# What Are Some of Your Favorite Grooming Products?



## Vidaloco (Sep 14, 2007)

I like a lot of different things, but my favorite that I use every time I bathe a horse is the EZ-All foamer








I like the horse wash by the same company but I use different shampoos in the foamer. 
Other fav's:
Infusium (human stuff)
Mane and Tail detangler
Africa's Best Herbal oil (human stuff)
Vetrolin Shine


----------



## andysgagirl (Aug 6, 2009)

I love the Mane and Tail (shampoo, conditioner, and detangler)! I use it on myself, my horses, and my dog! Lol.

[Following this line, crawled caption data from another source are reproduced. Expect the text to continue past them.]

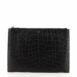 74098-13_20Saint_20Laurent_20Zip_20Pouch_20Crocodile_20Embosse_2D_0002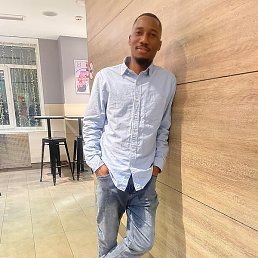 Onward, �����, 29 ���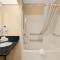 Days Inn by Wyndham Americus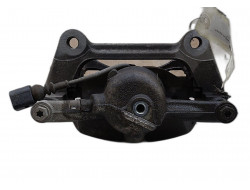 5c8be3948f1ed7e68294cf14561990d1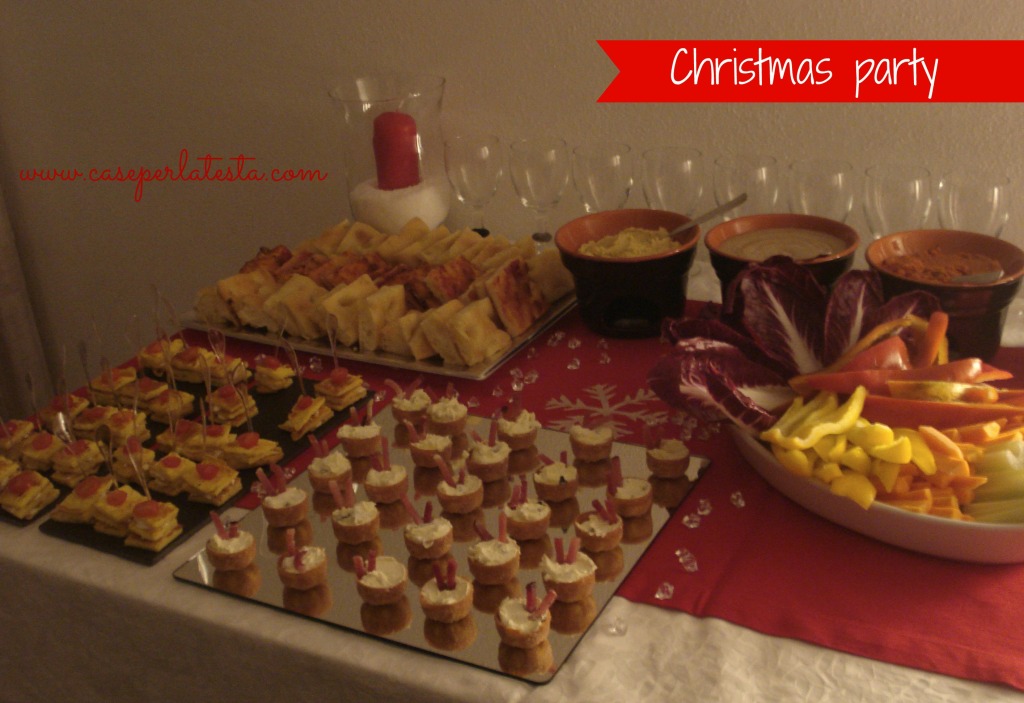 Christmas_party_low_cost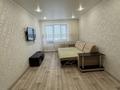 1-комнатная квартира · 40 м² · 3/5 этаж, Толстого 127 — Кафе Старая Пристань за 150 000 ₸ в Уральске — фото 5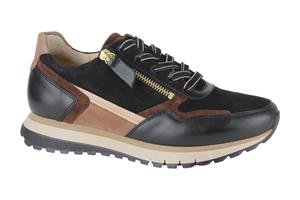 Gabor 56.378.67 dames sneakers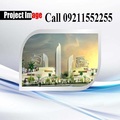 Urbtech trade centre sector 132 noida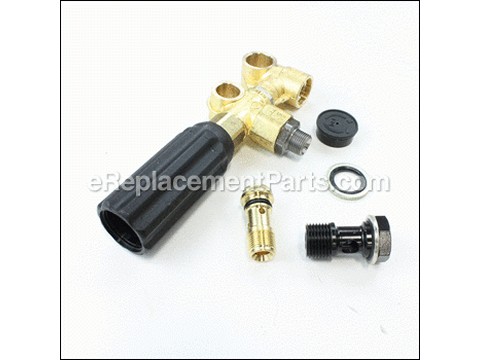 11875265-1-M-Porter Cable-AR-20242-Unloader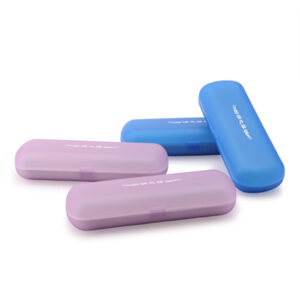 Reader Optical Case Supplier - P0011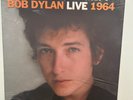 SEALED, Bob Dylan – Live 1964 (Concert At Philharmonic Hall), Box Set, US, 2004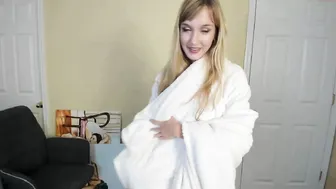 cutiepainter 5.92.019 49 female chaturbate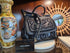 Vintage Dolce & Gabanna Bag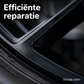 🛠️🚗 50% KORTING! 50K+ VERKOCHT! Stop met je ergeren aan die stoeprandkrassen! Deze magische reparatiepen herstelt je velgen in minuten – permanent, drupvrij, en met blanke lak voor een showroomafwerking!
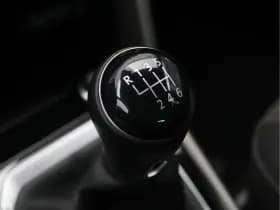 Volkswagen T-Roc 1.0 TSI Style | Stoelverwarming | Camera | ACC thumbnail 50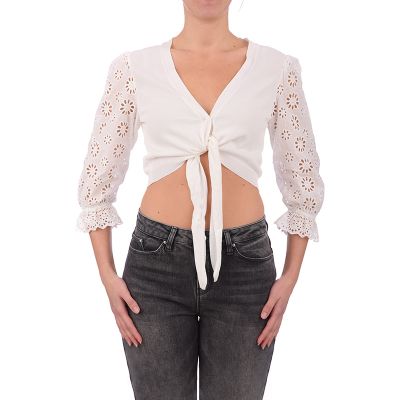 Fracomina ženski džemper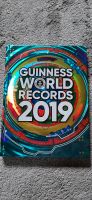 Guinness World Records 2019 Sachsen - Altenberg Sachs Vorschau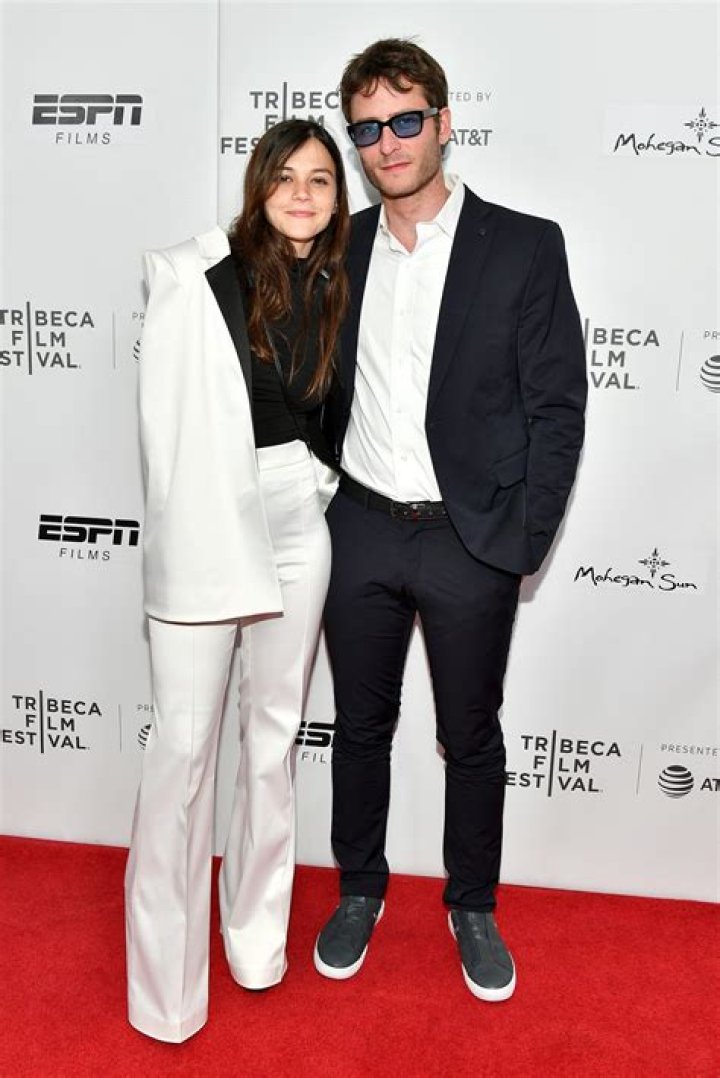 Michael Aloni Height, Age, Wife, Biography, Wiki, Net Worth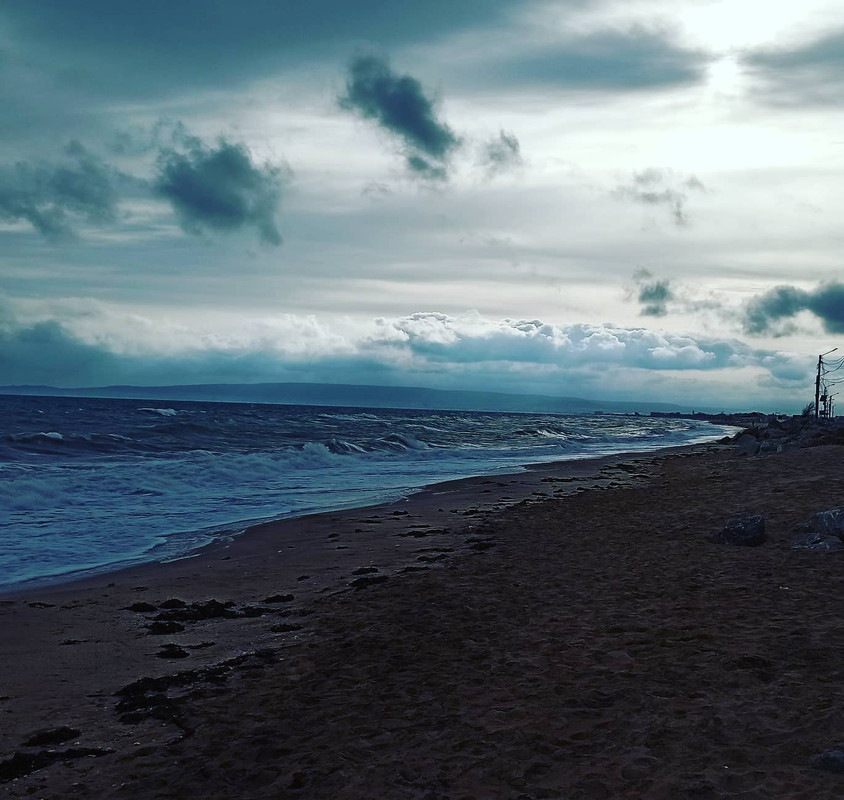 IMG_20200302_191834_147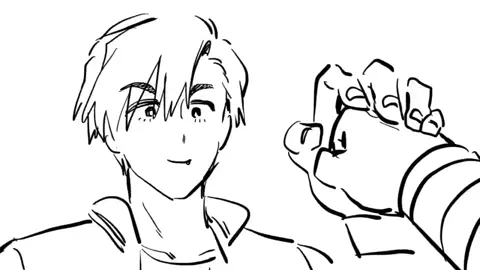 vid cr:GrandLine181920 en X#alnst #alienstage #alienstageedit #fyp 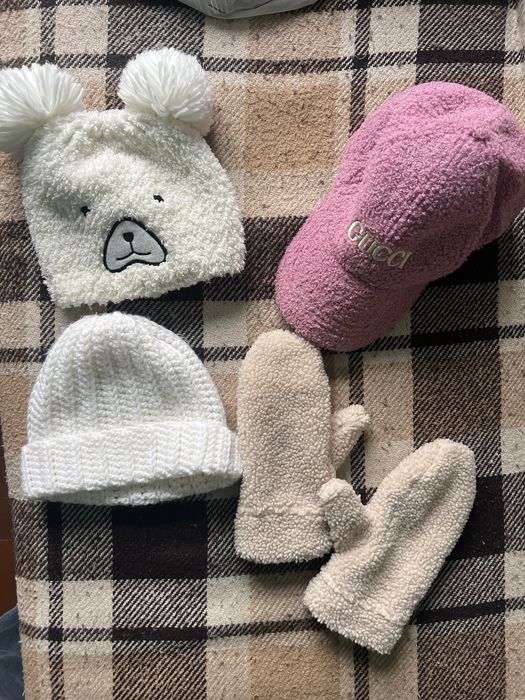 Віддам в подарунок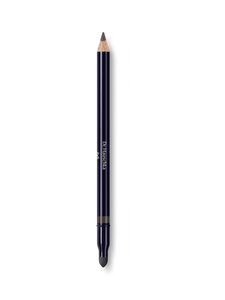Dr.Hauschka - Eye Definer acu kontūrzīmulis Dr.Hauschka - Eye Definer acu kontūrzīmulis | Stockmann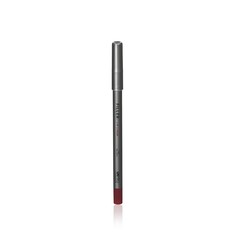 Гелевый карандаш для губ LN Professional Filler Lip Liner 102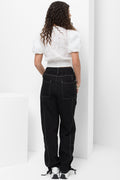 Anglaise Shirt White (2)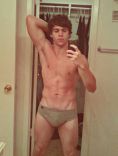 more boys 6.jpg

I really love Oster grooming products too. I have most of the brushes and am trying to get the rest of them to complete my little collection. They work really great, especially the mane and tail brush. It gets out knots even when you don't have any detangler handy!


----------



## HorseOfCourse (Jul 20, 2009)

The best stuff I have ever found it v05 leave-in conditioner and detangler which serves as a detangler, shiner, and a quick grooming tool. It can be used on you or your horse. It can also be used on the mane and tail or entire body. On the body, it makes it soft and shiny, but not slick and in the mane and tail it makes it feel like just-washed and very soft human hair, but not wet. It's VERY cheap and easy to find. It can be found in the human hair care section and looks like this:


----------



## SorrelHorse (Apr 9, 2009)

**

My horses don't usually require much grooming. Luckily they are all pretty clean, but here's what I use....

*Royal Blue Shampoo ~ *I double-wash my horses if they are really dirty. And since Jester has more white then sorrel, I always use this for a light shampoo-ing and the White n' Bright for a shine afterwards, but if he isn't dirty I will only use the Royal Blue

*White n' Bright Shampoo ~ *It really makes the white on my horses stand out and shine.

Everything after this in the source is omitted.